Fulbright scholar to examine women's health laws in US

NEW STAGE: Branwen Millar, a Circa council member and 2012 Fulbright award recipient, is off to study in New York.
NEW STAGE: Branwen Millar, a Circa council member and 2012 Fulbright award recipient, is off to study in New York.

Branwen Millar was a 17-year-old Wellington East Girls' College pupil when she stood alongside director Peter Jackson to receive a Wellingtonian of the Year award in 2001.

Now, at 28, the Circa council member and playwright is heading to the world hub of theatre in New York, where she hopes to scout for new plays to send home.

But her main focus will be in putting her US$25,000 (NZ$30,700) Fulbright general graduate award towards a two-year masters in international affairs at Columbia University.
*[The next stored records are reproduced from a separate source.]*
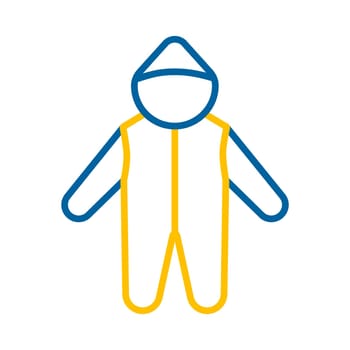 Baby bodysuit isolated vector icon. Baby Romper. Graph symbol for children and newborn babies web site and apps design, logo, app, UI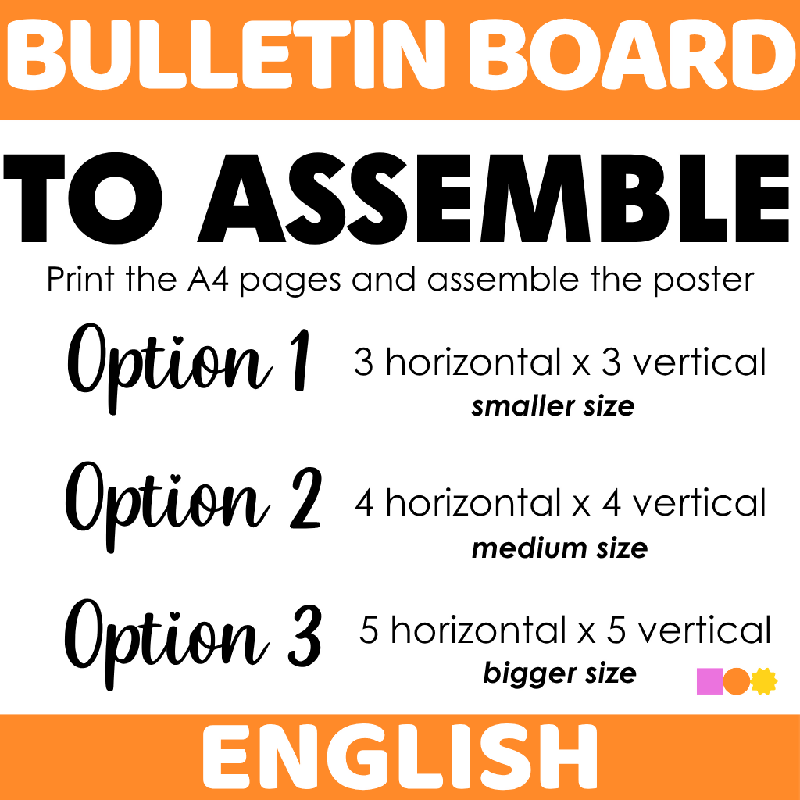 October-Themed Bulletin Board Display for Seniors | Autumn Printable 3-Size Kit for Senior Living Communities and Activity Directors Fall Season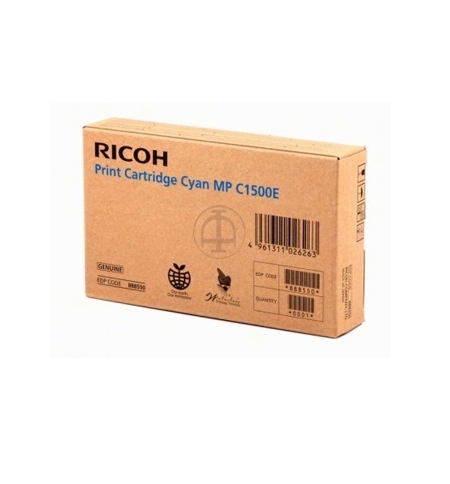 Tinta Ricoh MP-C1500E Azul 888550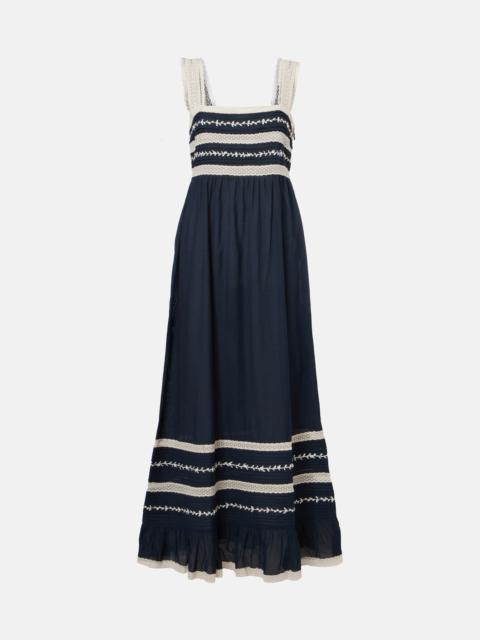 RIXO Malie embroidered midi dress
Ms Millar, who was Youth Wellingtonian of the Year in 2001, has a particular interest in women's rights after working for Family Planning International, a sexual and reproductive health and rights organisation that is based in Wellington.

More than 2000 pieces of legislation were passed in the various states of the United States last year that restricted women's access to reproductive health, such as abortions, she said.

"It baffles me that it's still controversial. It's going to be a very interesting time to be in the US, with the prolonged attack on women's rights and reproductive health."

While Ms Millar is nervous about a return to study and exams, she is excited about being among students from about 107 countries to look at the "big global issues of our time".

"When there are inequalities in a country, women have the roughest deal."

Along with her Fulbright scholarship, she has received a Sir Wallace Rowling award enabling her to complete an internship in Washington DC during her studies.

"I hope it will open some doors there. It's the next big step in my life. It's going to be a buzzy place to see out the rest of my 20s."

But she would miss Wellington's coffee, as New York was not known for its flat whites, Ms Millar said.

She hopes to return to New Zealand and use her degree to help the country "punch above its weight" in human rights throughout the Pacific.

"I certainly have no desire to be prime minister, but I think what Helen Clark is doing now is pretty great."

Ms Millar leaves for America on Saturday.

There are 26 Fulbright scholars this year, eight of whom are from Wellington.